Alaska's highest court ruled Friday that Nome Superior Court Judge Timothy Dooley made inappropriate comments while on the bench that harmed witnesses and victims and betrayed the public's perception of the court's integrity.
Dooley was censured — essentially a public statement of wrongdoing — by the Alaska Supreme Court in the decision, the culmination of an ethics complaint and subsequent recommendation from the Alaska Commission on Judicial Conduct.
The Alaska Supreme Court accepted the commission's findings, made in its recommendation in December, that Dooley's statements in open court were negligent, "undignified and discourteous" and "suggest bias or prejudice." The actions harmed the public's perception of the court system, it wrote in the decision.
Dooley and the commission agreed in December that the comments were inappropriate and that he had violated the Alaska Code of Judicial Conduct.

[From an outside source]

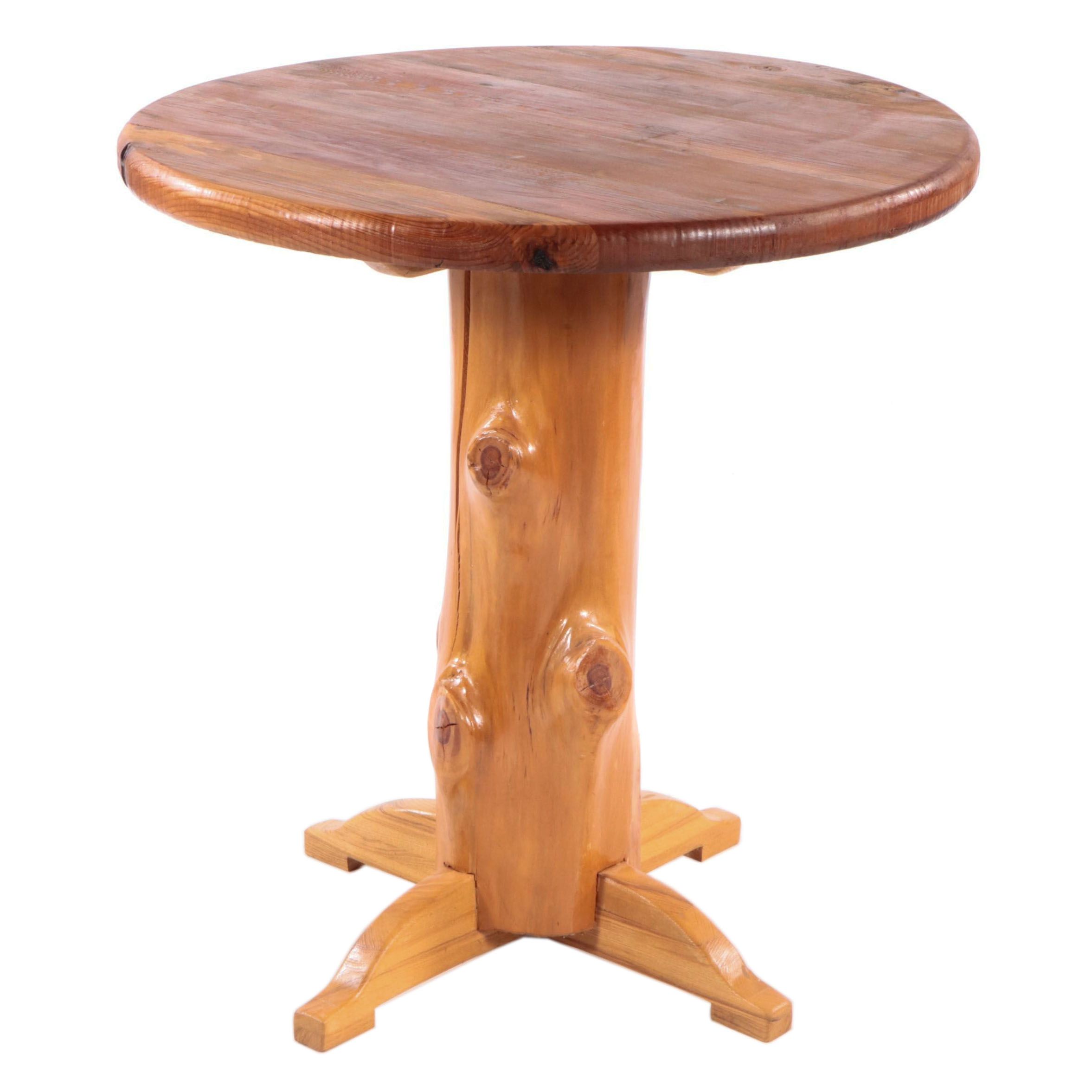 Rustic Wooden Plank Top and Log Base Pedestal Pub Table | EBTH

The comments that led to the complaint against him began several weeks after his appointment by then-Gov. Sean Parnell. The first one occurred on May 29, 2013. During a sentencing, Dooley asked a defendant, "Has anything good ever come out of drinking, except for sex with a pretty girl?"
A total of five comments were subject to the ethics complaint. In December, Dooley apologized for each comment during the disciplinary hearing. He wrote in a statement to the commission that his May 29 comment "was wrong for me to say especially in view of the fact that sex offenders were present in the gallery."
In December, Dooley spoke of the challenges in transitioning from private practice as an attorney to a judgeship. Dooley said he has "quit going off script," that he regretted causing trouble for the "wonderful people" at the Nome court, and that "my poor wife did a lot of crying at night and I caused her an amazing amount of stress."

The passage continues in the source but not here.